Efektowny nokaut na Fame MMA! Rywał padł jak rażony piorunem [WIDEO]
Na gali Fame MMA 11 doszło do potężnego nokautu. Efektowne zwycięstwo odniósł Piotr "Szeli" Szeliga.
Był to trzeci występ 28-latka w oktagonie. Wcześniej Szeliga wygrał z Krystianem Pudzianowskim i odniósł porażkę przeciwko Piotrowi Piechowiakowi.
Jego dzisiejszym rywalem był Krzysztof "Fericze" Ferenc, trener personalny, który zdobył sławę dzięki występom w telewizyjnych show.

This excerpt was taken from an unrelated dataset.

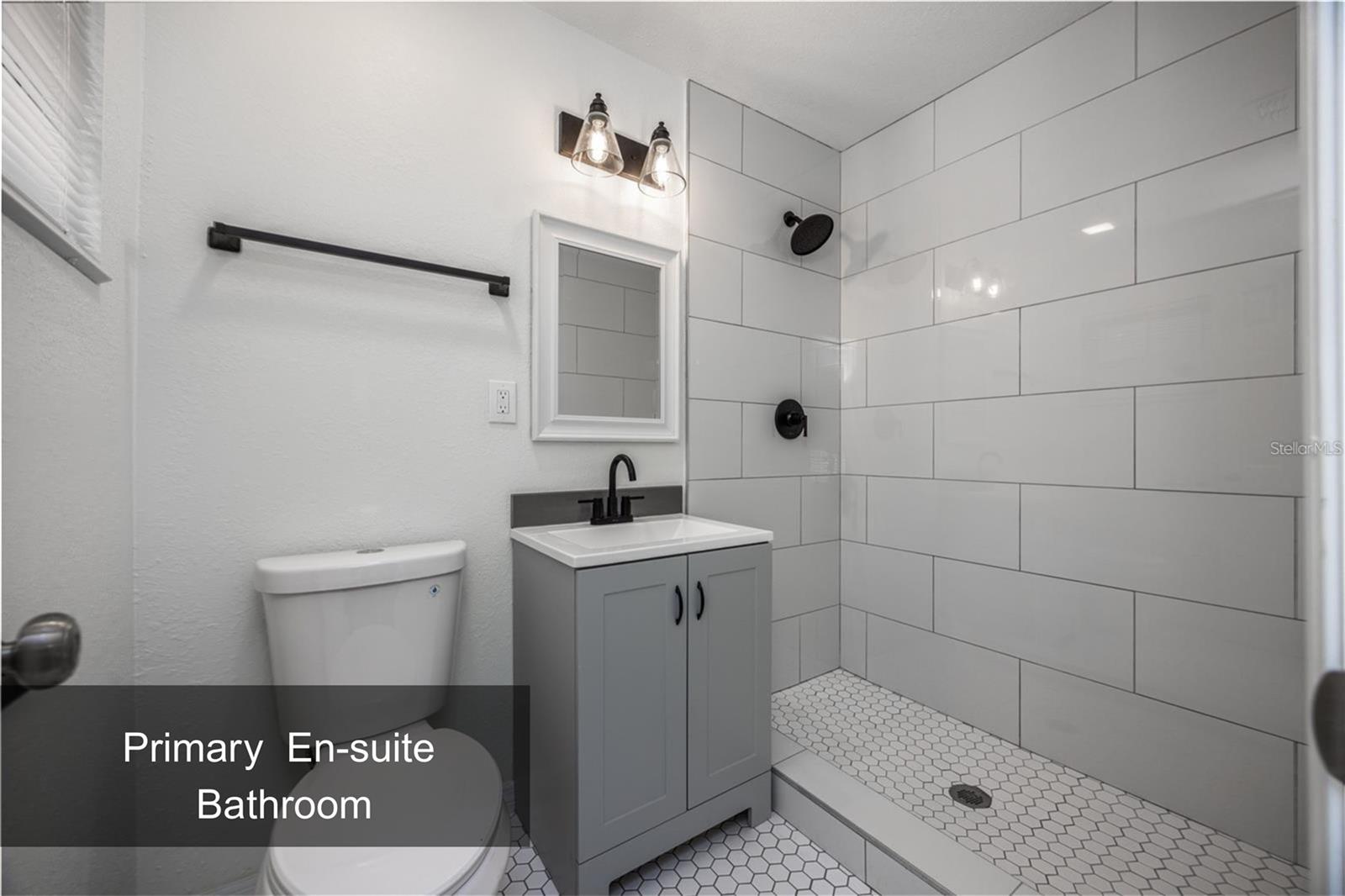 640 NW 36TH TER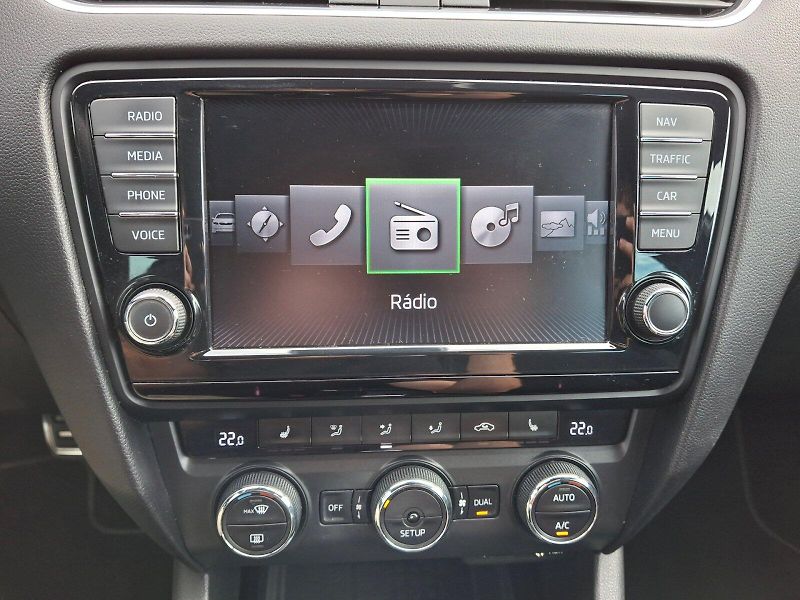Škoda Octavia (2015) Combi RS DSG 2,0TDi 135kW - fotka 18 z 34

Walkę lepiej rozpoczął Ferenc, który kilkoma ciosami sprawił, że Szeliga cofnął się do obrony. Po dwóch minutach "Szeli" wyprowadził jednak zabójczy kontratak.
Prawą ręką trafił rywala prosto w twarz. Zamroczony Ferenc padł w oktagonie i walka dobiegła końca. Znokautowany "Fericze" opuszczał halę na noszach.
Było to pierwsze starcie wieczoru. W main evencie gali czeka nas starcie Normana Parke'a z Borysem Mańkowskim.